Kemudian, Bisyir berkata: “Di antara seseorang yang pergi bersama kami mengetahui bahwa mereka menempuh jalan yang tidak biasa mereka lewati?” Tiba-tiba seseorang di antara Bani Aslam berkata: “Akulah orang yang mengetahui itu, wahai Rasulullah. Mereka menempuh jalan yang tidak rata, penuh bebatuan di antara bebukitan. Mereka menuju Hudaibiyyah.”
Setelah pasukan berkuda kaum musyrikin melihat bahwa kaum muslimin memutar balik arah perjalanannya, mereka cepat-cepat memberitahukan kaum kafir Quraisy tentang hal itu. Sedang Rasulullah Saw., maka setelah beliau sampai di Hudaibiyyah, beliau mengistirahatkan untanya.
Rasulullah Saw. bersabda: “Cegahlah kaum kafir Quraisy dengan mencegah gajah dari Makkah. Saat ini kaum kafir Quraisy tidak mengundangku untuk suatu rencana, jika di tempat ini mereka meminta kepadaku mengadakan silaturrahmi, maka pasti aku memberikannya.” Kemudian beliau bersabda kepada mereka: “Turunlah kalian!” Beliau ditanya: “Wahai Rasulullah, apakah di lembah yang akan kami turuni itu ada airnya?” Lalu beliau mengeluarkan anak panah dari tabungnya, selanjutnya memberikan anak panah itu kepada seseorang di antara para sahabatnya. Sahabat itu turun dengan membawa anak panah itu ke dalam sumur di antara sumur-sumur itu, lalu ia menusukkan anak panah itu persis di tengah-tengah sumur, maka memancarlah air di sumur itu sehingga unta dan mereka yang ada semua puas minum, dan mereka juga mengambil air dari sumur itu untuk dijadikan bekal.

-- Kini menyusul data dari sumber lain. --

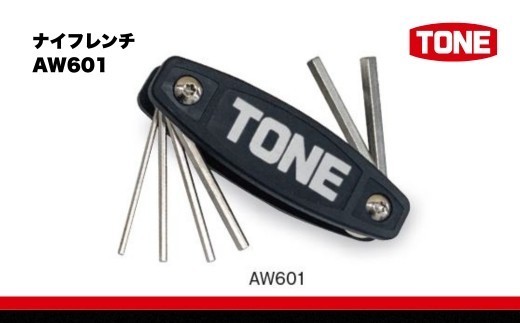 ナイフレンチ AW601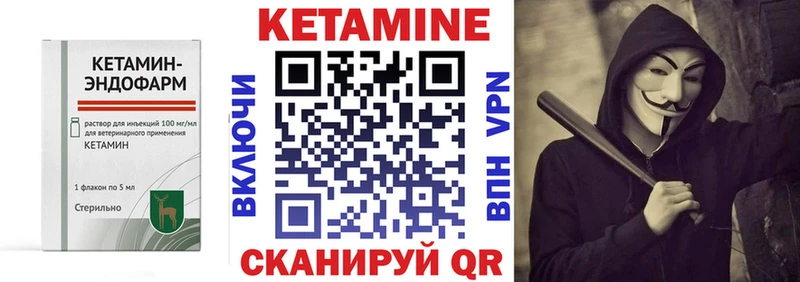 Кетамин VHQ  Иланский 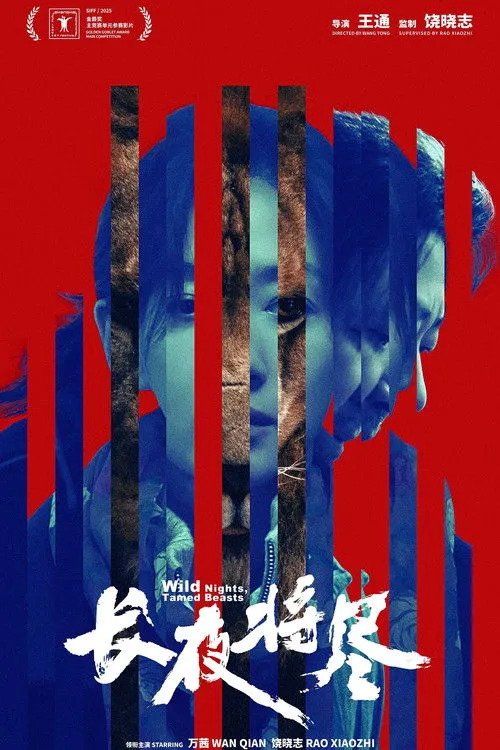 Poster for Wild Nights, Tamed Beasts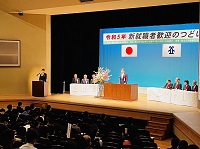 写真：歓迎のあいさつをする田中市長
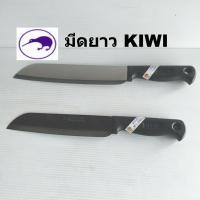 ราคา มีดกีวีด้ามดำ KIWI รุ่น JAVA มีดหั่นยาว มีดยาว (28264992568)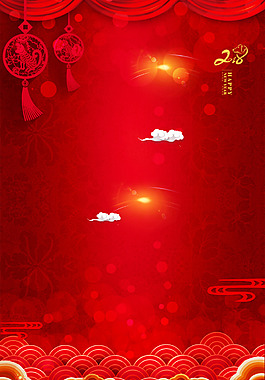 2018狗年吉祥祥云紅色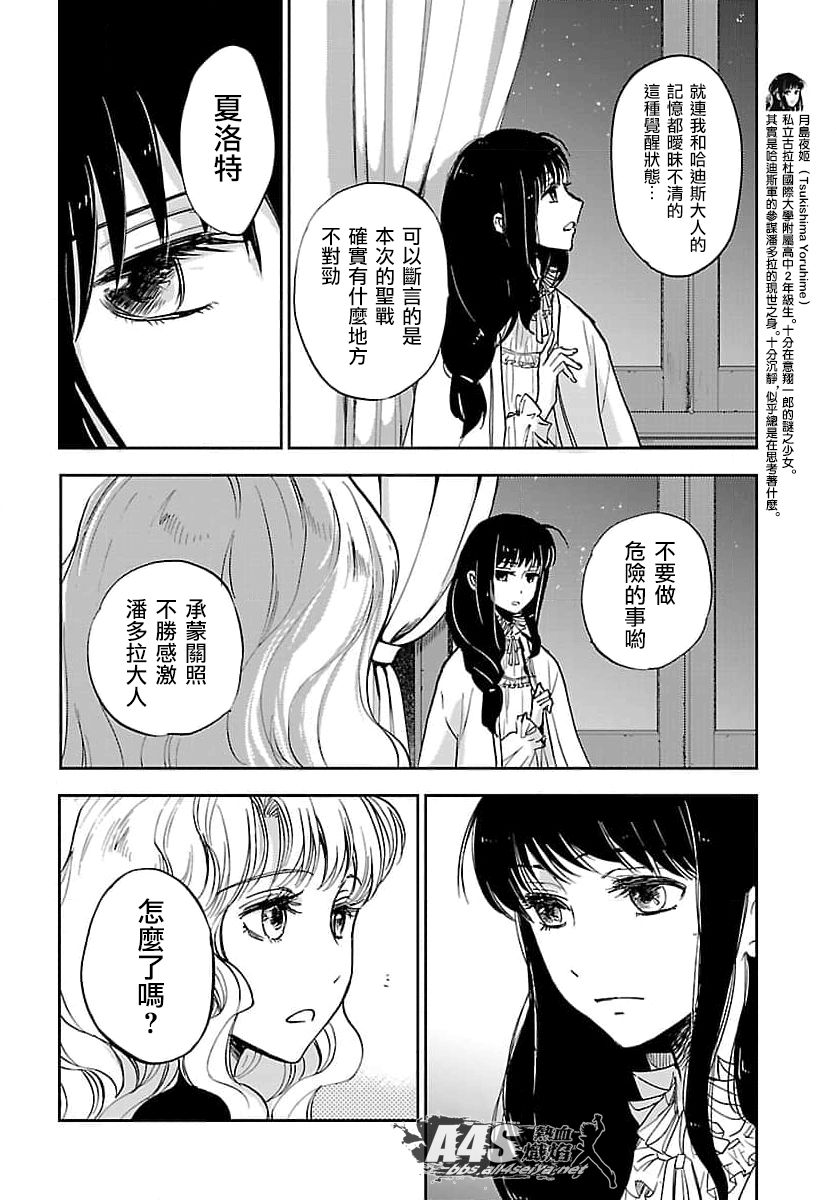 圣斗士星矢冥王异传漆黑之翼漫画,第6话1图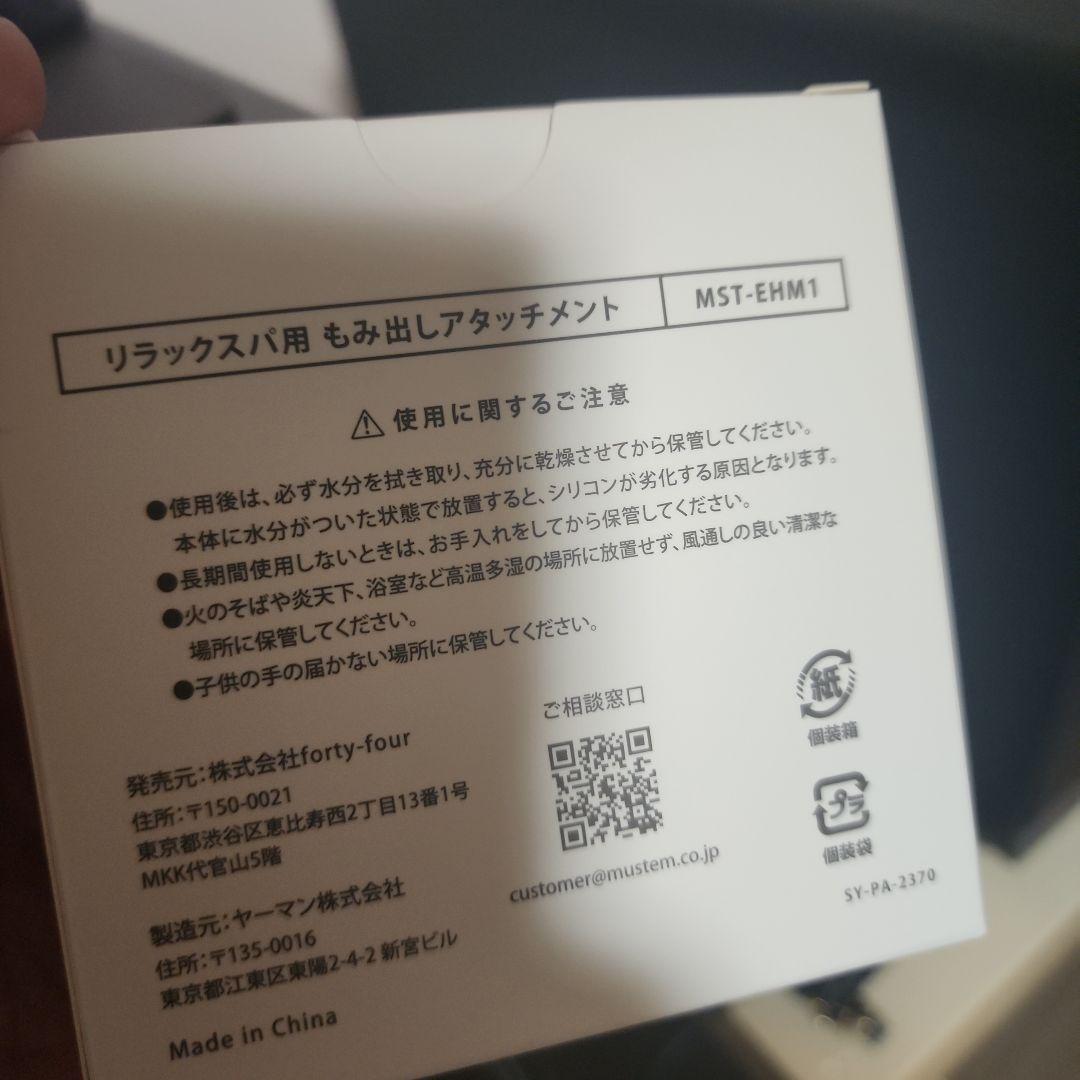 スカルプマッサージ機 ミントグリーン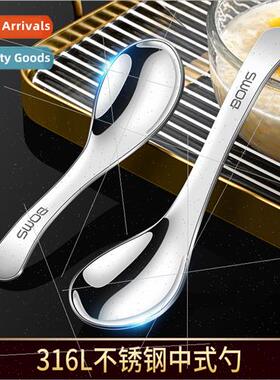 316L stainless steel spoon cutlery deepening thickened Chine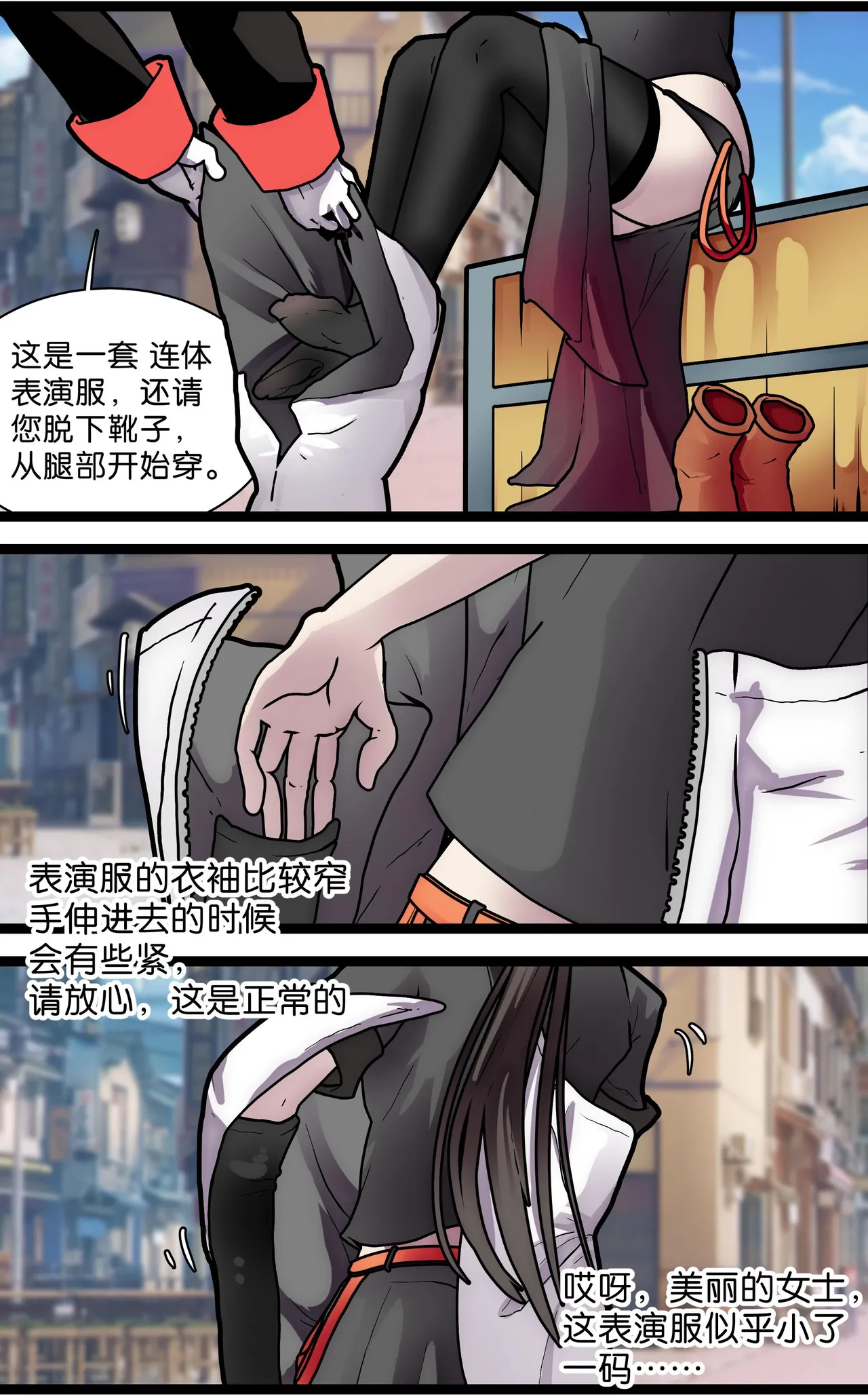หน้า 10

3. Utusan kedua belah pihak bergantian mengunjungi

Setelah Rasulullah Saw. merasa tenang, datang menemui beliau Badil bin Warqa' al-Khuza’iy dengan ditemani beberapa orang dari Khuza’ah. Mereka berbicara dengan Rasulullah dan menanyakan beliau tentang apa tujuan sebenarnya beliau datang.

Kemudian Rasulullah Saw. memberitahukan mereka bahwa beliau datang tidak untuk berperang, kedatangan beliau tidak lain kecuali untuk berkunjung ke Baitullah, dan mengagungkan kehormatannya. Lalu beliau berkata kepada mereka seperti yang beliau katakan kepada Bisyir bin Sufyan. Setelah mereka kembali kepada kaum kafir Quraisy, mereka berkata: “Wahai orang-orang Quraisy, tangguh kalian telah tergesa-gesa dalam menyimpulkan tentang tujuan kedatangan Muhammad. Sesungguhnya Muhammad datang tidak untuk berperang, namun kedatangannya tidak lain kecuali untuk berkunjung ke Baitullah. Dengan demikian, kalian telah menuduh mereka, dan membicarakan mereka tentang sesuatu yang tidak mereka sukai.” Kaum kafir Quraisy berkata: “Jika kedatangan Muhammad tidak hendak berperang, maka demi Allah, selamanya Muhammad tidak akan memasuki Makkah tempat kami berada dengan kekerasan, dan dengan demikian bangsa Arab tidak lagi membicarakan tentang kami.”
Tuduhan kaum kafir Quraisy tidak lain karena kaum kafir Quraisy menyadari betul bahwa kematian adalah aib yang menguntungkan Rasulullah Saw., baik kematian itu di pihak orang muslim maupun di pihak orang musyrik, sebab hal itu sedikitpun tidak dapat disembunyikan di Makkah.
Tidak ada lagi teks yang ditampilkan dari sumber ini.